RICHMOND, Va. -- The eyes of the nation are on Virginia this week for the first major election since President Joe Biden was elected one year ago.
From Richmond to Chesterfield and Henrico counties, elections officials are hard at work Monday to prepare for the thousands of voters expected to head to the polls tomorrow morning. While Virginia saw more than 858,000 people vote early in-person for this General Election, the majority of Central Virginians will still be casting their ballots on Election Day.
Chesterfield County Director of Elections Constance Hargrove said she has a team of 1,000 poll workers ready to go as the county is expecting a potential record turnout for a gubernatorial election.
“I was thinking maybe we'll get around 55 percent, which is a 10 percent increase from the last gubernatorial election," Hargrove said. "But it might exceed that if people continue to be as interested as they are. They're more concerned about the critical issues that affect their everyday lives, and they're turning out to vote.”
It's a similar story in Henrico County, where Mark Coakley, Director of Elections, said they're expecting 55 to 60 percent voter turnout.
"That'll be the highest that we had for the governor's race," Coakley noted.
Henrico saw more than 32,000 people cast early ballots — that’s about 17 percent of all registered voters.
Chesterfield also saw around 17 percent of its voters participate in early voting, and Richmond saw 15 percent.
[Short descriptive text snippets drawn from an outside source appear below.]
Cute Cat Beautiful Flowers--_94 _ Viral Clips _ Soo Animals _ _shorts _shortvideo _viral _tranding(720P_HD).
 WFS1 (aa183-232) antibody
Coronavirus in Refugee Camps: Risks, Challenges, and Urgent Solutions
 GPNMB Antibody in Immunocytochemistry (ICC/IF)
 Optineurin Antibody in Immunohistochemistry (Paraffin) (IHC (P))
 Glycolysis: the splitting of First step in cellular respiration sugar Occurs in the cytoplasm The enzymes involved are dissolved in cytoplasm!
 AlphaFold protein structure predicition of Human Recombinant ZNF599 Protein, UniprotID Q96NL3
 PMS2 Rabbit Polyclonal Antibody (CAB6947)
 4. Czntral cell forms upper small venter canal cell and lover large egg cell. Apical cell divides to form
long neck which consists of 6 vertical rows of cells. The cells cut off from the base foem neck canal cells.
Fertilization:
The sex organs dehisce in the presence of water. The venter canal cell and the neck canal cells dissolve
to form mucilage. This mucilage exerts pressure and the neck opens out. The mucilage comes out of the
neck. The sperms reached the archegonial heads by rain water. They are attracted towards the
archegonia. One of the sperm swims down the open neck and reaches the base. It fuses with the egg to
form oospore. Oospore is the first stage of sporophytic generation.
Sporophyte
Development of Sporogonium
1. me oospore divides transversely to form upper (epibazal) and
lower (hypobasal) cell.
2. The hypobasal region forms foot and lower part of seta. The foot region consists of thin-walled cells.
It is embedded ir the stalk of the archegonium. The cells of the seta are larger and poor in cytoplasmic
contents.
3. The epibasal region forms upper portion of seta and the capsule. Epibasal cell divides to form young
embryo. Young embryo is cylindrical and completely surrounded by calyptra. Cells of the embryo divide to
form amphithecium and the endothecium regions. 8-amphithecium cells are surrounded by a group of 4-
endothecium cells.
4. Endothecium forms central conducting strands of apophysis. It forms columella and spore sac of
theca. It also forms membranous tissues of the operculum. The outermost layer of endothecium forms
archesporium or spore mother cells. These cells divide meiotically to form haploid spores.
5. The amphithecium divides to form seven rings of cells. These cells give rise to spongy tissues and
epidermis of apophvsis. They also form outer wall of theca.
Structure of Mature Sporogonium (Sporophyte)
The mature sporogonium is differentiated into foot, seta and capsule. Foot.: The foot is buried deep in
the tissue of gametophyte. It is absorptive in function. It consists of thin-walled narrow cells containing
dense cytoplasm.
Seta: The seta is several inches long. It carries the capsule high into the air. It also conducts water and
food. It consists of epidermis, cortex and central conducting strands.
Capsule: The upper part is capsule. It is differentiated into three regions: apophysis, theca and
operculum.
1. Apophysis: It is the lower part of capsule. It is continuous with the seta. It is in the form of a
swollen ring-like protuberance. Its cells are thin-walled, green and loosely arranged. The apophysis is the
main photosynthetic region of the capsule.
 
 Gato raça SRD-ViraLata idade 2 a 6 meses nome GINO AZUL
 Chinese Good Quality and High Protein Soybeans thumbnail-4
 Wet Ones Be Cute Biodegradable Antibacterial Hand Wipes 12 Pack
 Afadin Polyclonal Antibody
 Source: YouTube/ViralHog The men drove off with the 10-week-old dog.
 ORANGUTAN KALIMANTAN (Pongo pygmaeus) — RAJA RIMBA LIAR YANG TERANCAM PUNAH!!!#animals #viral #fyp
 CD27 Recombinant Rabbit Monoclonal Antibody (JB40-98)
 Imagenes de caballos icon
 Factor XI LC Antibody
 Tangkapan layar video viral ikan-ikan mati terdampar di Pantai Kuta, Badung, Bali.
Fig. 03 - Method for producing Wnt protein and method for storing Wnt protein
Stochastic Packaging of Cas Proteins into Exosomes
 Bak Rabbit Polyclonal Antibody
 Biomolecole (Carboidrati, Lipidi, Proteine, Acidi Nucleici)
"We anticipate for the voters to have a smooth process," Keith Balmer, Richmond's top election official, said. "There may be a line, but maybe not because again, 20,000 people have already voted.”
Balmer said his team will be counting election night totals a little differently than Henrico and Chesterfield.
They’ll start with vote-by-mail totals, move to day-of precinct numbers, and finish with the early in-person votes.
“I would say by 9 p.m., if everything goes well, fingers crossed, you have all the vote totals," Balmer said.
Chesterfield and Henrico will both count day-of votes first, then early in-person ballots, and end the night with mail-in votes.
"We will print our tapes from all of the in-person machines and by-mail machines at 7 p.m.," said Coakley. "We're not going to wait until 2:30 in the morning like we did last year. We should have all unofficial results in before the 11 o'clock news is our goal."
If you do run into issues at the polls, these officials say be sure to communicate your problem to the poll workers.
"Don't leave," said Hargrove. "Talk to the chief officer, and have them contact us before they leave just to make sure that we can resolve any issues and answer any questions they may have on Election Day. They have the right to vote if they're qualified.”
Election officials also want to remind you to bring a valid ID to the polls and be sure to check your precinct before you head out the door because some locations have changed.
Also, if you requested a mail-in ballot but did not turn it in, officials say to bring it to the polls with you because if you don’t, you could have to cast a provisional ballot.